Reza é obra de singular potência. O espetáculo apresenta as vicissitudes, agruras, lutas, resistências e resiliências cotidianas do povo preto da(s) periferia(s) de uma grande cidade brasileira, aqui, no caso, o Rio de Janeiro, a partir da vida de uma/três mulher(es) negra(s): Pérola(s). O espetáculo que não se pretende propriamente um musical, no sentido que o público tem assistido nos últimos anos entre nós, conseguiu uma inflexão bem particular que articula o engajado teatro musical negro dos anos 1950/60 com o teatro-dança contemporâneo. E isso, com certeza, não é pouca coisa. Afinal, articular em um mesmo espaço cênico inúmeras manifestações de dança que atravessam os corpos negrxs periféricos da cidade carioca, como o funk, com a dança afro, com dança de rua e com canções inspiradas, mostra algumas das virtudes de Reza.

 

 

 

 

Reza é um coro cênico-sonoro-dançante sobre a condição da mulher negra nas periferias das grandes cidades brasileiras.

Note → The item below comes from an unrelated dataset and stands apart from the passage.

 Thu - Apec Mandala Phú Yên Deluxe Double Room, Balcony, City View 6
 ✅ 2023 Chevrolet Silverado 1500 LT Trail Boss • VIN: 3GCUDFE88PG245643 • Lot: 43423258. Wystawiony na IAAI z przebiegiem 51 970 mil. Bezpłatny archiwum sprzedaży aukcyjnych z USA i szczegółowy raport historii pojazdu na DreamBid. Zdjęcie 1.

O Rio foi a cidade que Carmen Luz escolheu para adaptar o conto do escritor paulistano Allan da Rosa, uma verdadeira adaptação fiel, traidora e potente do excelente texto que deu ensejo ao espetáculo. Tratou-se, todavia, de uma relação que tergiversa entre a fidelidade e a traição, justamente porque na passagem da literatura à cena, da voz narrativa à voz dramatúrgica, da cidade de São Paulo à cidade do Rio de Janeiro, deu-se uma viragem na proposta de Reza de Mãe à Reza. Enquanto o conto de Allan da Rosa prima por explorar certos elementos psicológicos e sociológicos do modo de vida de uma mulher da periferia paulistana, Carmen Luz escolheu abordar os elementos propriamente afetivos das mulheres negras periféricas da cidade do Rio. Isso sem, evidentemente, negligenciar os muitos aspectos sócio-políticos, raciais e sexuais, dessa política dos afetos das mulheres negras cariocas.

 

 

 

 

 

Reza pulveriza/multiplica Pérola, a personagem atratora/central de Reza de Mãe, em várias Pérolas: uma Pérola Negra, uma Pérola Funk, uma Pérola Trans. Desdobrada hetereronimicamente em PérolaS. Mulher com vagina, mulher com pau. Verdadeiro achado dramático, colocando em questão determinados marcadores heteronormativos de gênero ao fazer com que um homem interprete uma das Pérolas. Dispositivo cênico narrativo também utilizado na concepção da(s) personagem(ns) Lavanda, filha(s) de(das) Pérola(s). Já que uma das Pérolas também é interpretada por um ator, esse dispositivo acaba por se tornar extremamente relevante no processo dramático, pois no espetáculo (como na vida) estamos diante dos ataques sexistas, tanto sofridos por mulheres (quase sempre jovens) quanto por homens (quase sempre pretos). Afinal, sexismo e racismo são, de fato, filhos do patriarcado… essa parece ser a posição tomada por Reza, a qual concordamos plenamente.

 

 


REZA
 APONTA FLECHAS E MUITAS MIRAS


Sofisticadamente, a montagem de Reza utiliza de um universo acústico, que rompe com a estrutura do gênero sonoro confortável. Funk, pagode, charme, entre outras nuances musicais recriadas/inventadas pelo diretor musical e ator Andre Muato, apontam, desse modo, o aspecto inovador da cena que realinha no mesmo patamar das “ditas sonoridades aceitas”, a composição desse musical que muito fala de pretitude.

 

Nesse universo composicional, a utilização de dinâmicas diferenciadas em que vozes e instrumentalizações, falam, cantam e exprimem ecos de uma dinâmica outra. Assim, pauta-se uma potencialidade que revela a criatividade e a experiência com outras proposições sonoras. Proposições que obedecem as perspectivas criativas de texto/som, cujo ensejo desse processo está em conduzir expectadores a um envolvimento com uma produção musical que não se dinamiza no nosso dia a dia.

 

Esse aspecto acústico que Reza congrega, dinamiza de alguma maneira um interpelo ao que entendemos como música, imposto e construído na Modernidade, em que a produção eurohegemônica ainda permanece determinando os processos criativos sonoros, bem como o registro desses processos. Assim, compreendemos que espetáculos como esse possibilitam a aproximação com um universo outro, no qual sonoridades revelam e nos conduzem a experimentações diferenciadas daquelas que até então entendíamos como música.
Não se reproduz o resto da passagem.